Support Questions
Find answers, ask questions, and share your expertise

PySpark Custom Config not being considered

PySpark Custom Config not being considered

New Contributor

I am new to PySpark. I am running below PySpark code from Zeppelin of CDP environment.
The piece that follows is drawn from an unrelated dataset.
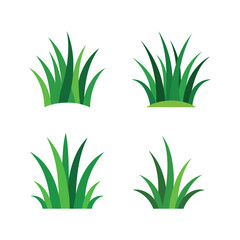 4 Set Of Green Grass Vector Illustration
When I run the same query from hive it took 2.75 mins whereas PySpark took 11 mins.

 

Hive (running from CDP Hue): select col1,col2,col3 from db.tab1 where col5 = <value>

 

PySpark: 

%pyspark
from pyspark.sql import SparkSession
spark = (SparkSession.builder.appName("TestApp").getOrCreate())
spark.conf.set('master', 'yarn')
spark.conf.set('deploy-mode', 'cluster')
spark.conf.set('spark.default.parallelism', '24')
spark.conf.set('spark.executor.memory', '12g')#12g
spark.conf.set('spark.executor.cores', '130') #130
spark.conf.set('spark.executor.containers', '35')
spark.conf.set('spark.driver.memory', '20')
spark.conf.set('spark.checkpoint.compress', 'true')
spark.conf.set('spark.driver.maxResultSize' , '20g')
spark.conf.set('spark.dynamicAllocation.enabled','true')
spark.conf.set('spark.sh.service.enabled', 'true')
spark.conf.set('spark.sql.orc.impl', 'native')
spark.conf.set('spark.sql.hive.convertMetastoreOrc', 'true')
spark.conf.set('spark.sql.broadcastTimeout', '36000')

 

df1 = sqlContext.sql("select * from db.tab1")
df1.select("col1", "col2","col3").where("col5 = <value>").show(5)

 

I see in the YARN, PySpark Application is not using the custom configuration specified.

 

I have followed the below link to specify the Spark run config:

https://stackoverflow.com/questions/37871194/how-to-tune-spark-executor-number-cores-and-executor-me...

 

Am I missing something?

1 REPLY 1

Re: PySpark Custom Config not being considered

Contributor

Hi @SudEl 

 

Please try to modify required parameters (memory and other tuning parameters)  in spark interpreter.